Abdelkader DairiFouzi HarrouYing Sun
Published in: IEEE transactions on instrumentation and measurement (2021)
A sample blood test has recently become an important tool to help identify false-positive/false-negative real-time reverse transcription polymerase chain reaction (rRT-PCR) tests. Importantly, this is mainly because it is an inexpensive and handy option to detect the potential COVID-19 patients. However, this test should be conducted by certified laboratories, expensive equipment, and trained personnel, and 3-4 h are needed to deliver results. Furthermore, it has relatively large false-negative rates around 15%-20%. Consequently, an alternative and more accessible solution, quicker and less costly, is needed. This article introduces flexible and unsupervised data-driven approaches to detect the COVID-19 infection based on blood test samples. In other words, we address the problem of COVID-19 infection detection using a blood test as an anomaly detection problem through an unsupervised deep hybrid model.
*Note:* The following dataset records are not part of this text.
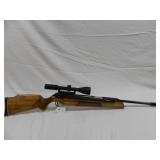 Lot#92 RWS 54 Air King 177 calair rifle wood stock w/ Simmons 3x9x50 scope
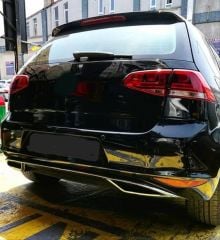 Volkswagen Golf Uyumlu 7 2013-2017 Difüzör Parlak Siyah
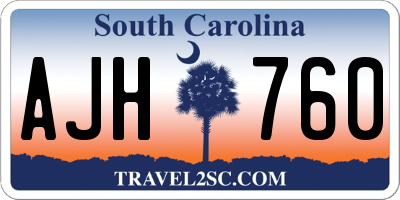 SC license plate AJH760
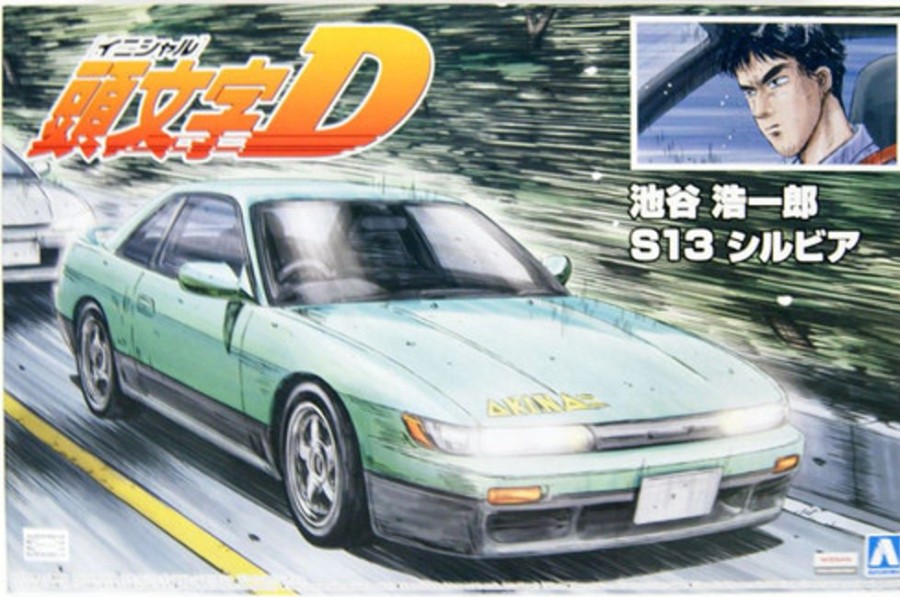 Cars | Model & Die-Cast Aoshima Aoshima Initial D Koichiro Iketani S13 Silvia 1/24 Scale Kit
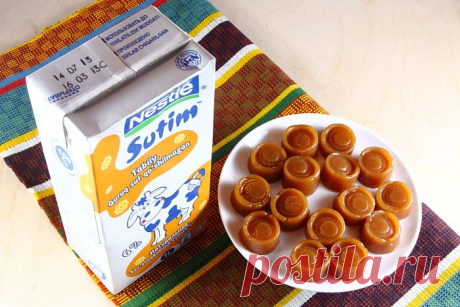 Рецепт №28: Домашние сливочные конфеты на молоке Nestlé Sutim 6% / Gurmaniya.uz — сообщество гурманов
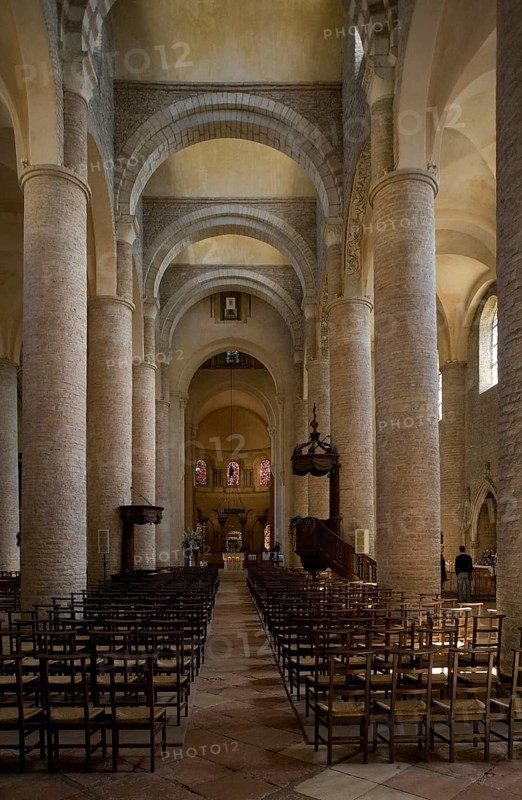 Tournus, former monastery church of St-Philibert (from 1020)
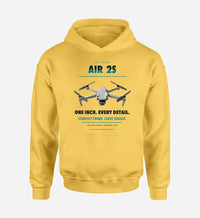 Thumbnail for DJI Air 2S design on yellow hoodie single side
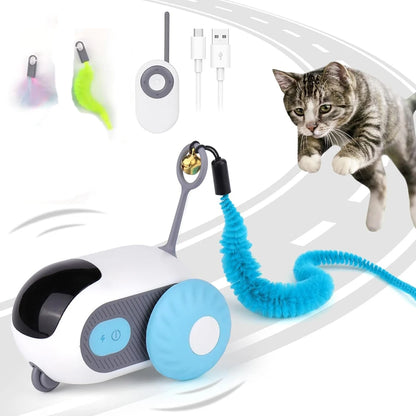 Juguete Inteligente Interactivo para Gatos – Auto y Control Remoto (2 Modos)
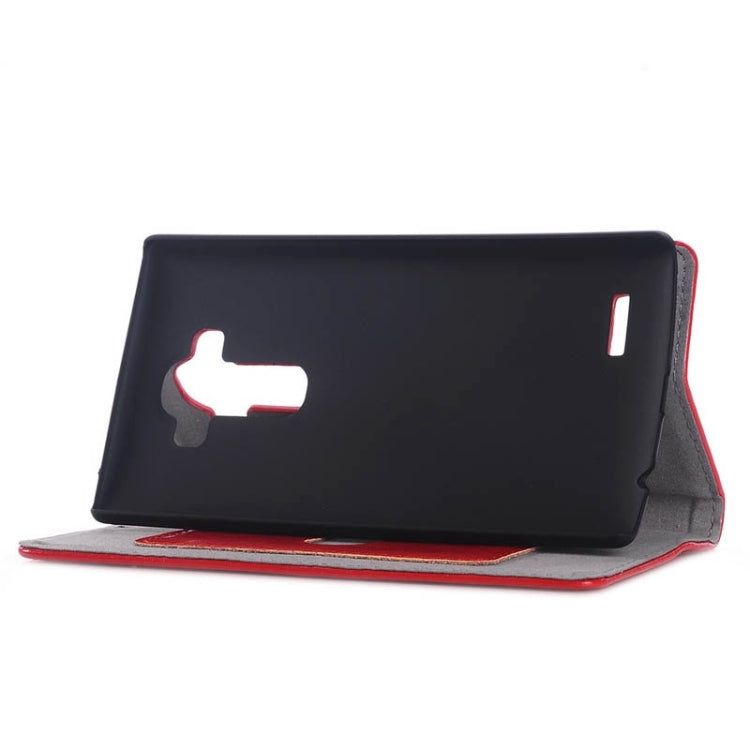 Crazy Horse Texture Horizontal Flip Genuine Leather Case with Card Slots & Holder for LG G4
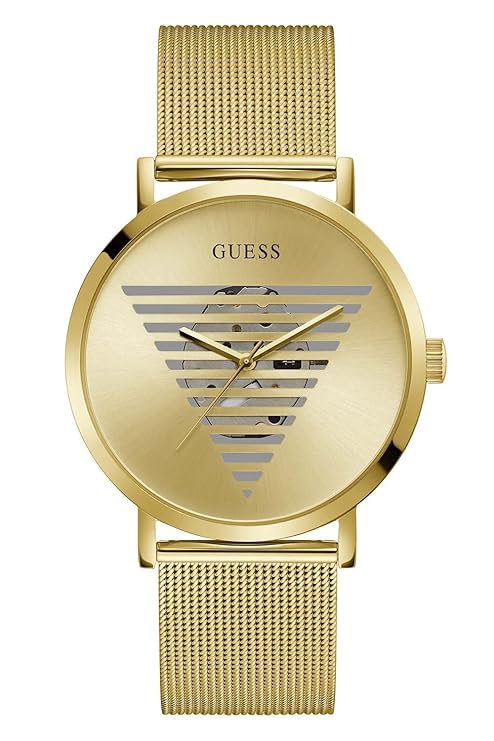 Guess Analog Beige Dial Men's Watch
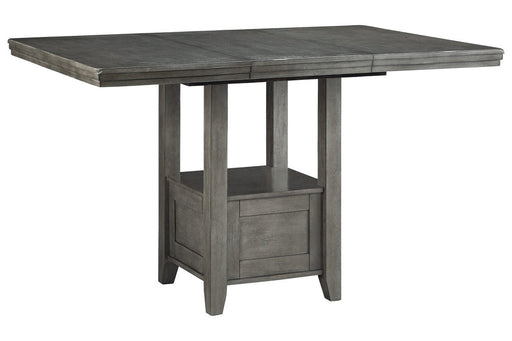 Hallanden Gray Counter Height Dining Extension Table - D589-42 - Gate Furniture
Essentially, we amalgamate the features extraction capability of the variational autoencoder (VAE) and the detection sensitivity of the one-class support vector machine (1SVM) algorithm. Two sets of routine blood tests samples from the Albert Einstein Hospital, S ao Paulo, Brazil, and the San Raffaele Hospital, Milan, Italy, are used to assess the performance of the investigated deep learning models. Here, missing values have been imputed based on a random forest regressor. Compared to generative adversarial networks (GANs), deep belief network (DBN), and restricted Boltzmann machine (RBM)-based 1SVM, the traditional VAE, GAN, DBN, and RBM with softmax layer as discriminator layer, and the standalone 1SVM, the proposed VAE-based 1SVM detector offers superior discrimination performance of potential COVID-19 infections. Results also revealed that the deep learning-driven 1SVM detection approaches provide promising detection performance compared to the conventional deep learning models.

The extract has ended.